Why do we need 4 bits for this? I appreciate you want to align the
next field, but there's SIZE_SHIFT for that; you could have CMD_MASK
set to 0x1 unless I'm missing something. The reserved space could be
used for something else in the future.

> #define IOREGIONFD_SIZE_MASK 0x30
> #define IOREGIONFD_SIZE_SHIFT 4
> # define IOREGIONFD_SIZE_8BIT 0
> # define IOREGIONFD_SIZE_16BIT 1
> # define IOREGIONFD_SIZE_32BIT 2
> # define IOREGIONFD_SIZE_64BIT 3

Christophe already asked about the 64-bit limit.

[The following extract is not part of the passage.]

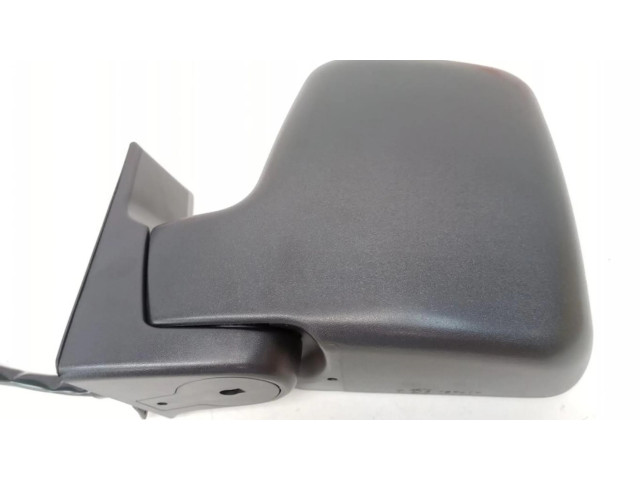 Zpětné zrcátko levé Fiat Scudo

I think that's fine,
and am assuming that if larger accesses are ever needed they can just
be split in two commands by KVM?

> #define IOREGIONFD_NEED_PIO (1u << 6)
> #define IOREGIONFD_NEED_RESPONSE (1u << 7)
> 
> The command is interpreted by inspecting the info field:
> 
>  switch (cmd.info & IOREGIONFD_CMD_MASK) {
>  case IOREGIONFD_CMD_READ:
>      /* It's a read access */
>      break;
>  case IOREGIONFD_CMD_WRITE:
>      /* It's a write access */
>      break;
>  default:
>      /* Protocol violation, terminate connection */
>  }
> 
> The access size is interpreted by inspecting the info field:
> 
>  unsigned size = (cmd.info & IOREGIONFD_SIZE_MASK) >> IOREGIONFD_SIZE_SHIFT;
>  /* where nbytes = pow(2, size) */
> 
> The region_id indicates which MMIO/PIO region is being accessed.  This
> field has no inherent structure but is typically a unique identifier.
> 
> The byte offset being accessed within that region is addr.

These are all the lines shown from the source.